Discussing Your Decision
Inform your doctor and family members. It’s important that you tell your family about your decision before your death. If you do your research and make necessary preparations, your family won’t be left trying to understand your wishes. If you don’t inform your family, this surprise could delay them in getting your body to the right facility in time.
Check with the program you’re using about transportation costs. Most programs will pay to transport your body to the facility, but if you die far enough away from the facility, your family may be responsible for paying to get you there.
Discuss funeral or memorial options. Your family will not be able to hold a funeral with your body present and they should be prepared for this. It may affect their ability to find closure. Inform them that they can still hold a memorial service or attend a commemoration service at the facility where your body was donated.
Generally, the facility will cover the cost of cremation once the body is no longer being used for study, and some facilities have a cemetery plot where they will bury the bodies if that is requested. But, if your next-of-kin want the remains to be given back to them, they may end up having to cover the costs of cremation or burial.
Make alternative arrangements. While you may be a good candidate for body donation and you’ve correctly filled out the paperwork, your body may end up being rejected. If your body decomposed, suffered trauma, or experienced a major operation, you may not actually be accepted. Decide what you’d like done if body donation does not work out.
Again, make these wishes clear to your family, since they’ll be fulfilling them after your death. It’s always a good idea to put it into writing and notify your attorney.
Remember that you may be able to donate your organs even if you couldn’t donate your body. While the decision to harvest suitable organs will be made at the time of your death, you should fill out paperwork and inform your family in advance. This way, if your body isn’t accepted, your organs may be.
Filling Out the Paperwork to Donate Your Body to Science
Get the correct forms. Once you’ve decided to donate your body to science and have selected a specific program or facility, make sure to get a registration packet. This will usually contain details and the consent form. This form must be completed, returned, and acknowledged.
You may be given a wallet card to notify people of your intention to donate at the time of death. Carry it with you at all times.
Comply with details of the form. Some programs require you to fill out and sign the form in front of witnesses or a notary public. Be sure to read these details before filling out any paperwork.
For example, you may need multiple witnesses over the age of 21. Some programs specify that one witness must be a family member while the other should have legal ties to the family (like an attorney).
Update your paperwork. Just because you’ve successfully filled out and filed your body donation paperwork doesn’t mean you’re all set. You need to update your will to stipulate the program details of the body donation. This is especially important if you fear your family may not honor your wishes after your death.
If you change your mind about donating your body, you can always opt out of the program. To do this, notify the program in writing and file a copy with your attorney.

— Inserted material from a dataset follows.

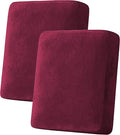 H.VERSAILTEX Velvet Stretch Couch Cushion Cover Plush Cushion Slipcover for Chair Loveseat Sofa Cushion Furniture Protector Seat Cushion Sofa Cover (2 Piece Medium Sofa Cushion Covers, Burgundy) by HVERSAILTEX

Understand and inform your family about the procedure after your death. While you may understand what will happen to your body after death, your family might be clueless about what it is they’re supposed to do. In most cases, your next of kin, spouse, executor of your will, or hospital facility will need to immediately get in touch with the medical program after your death. The facility will usually come pick up the body.
Have all the necessary program information and contact details available for your family so they aren’t burdened with details while dealing with your death.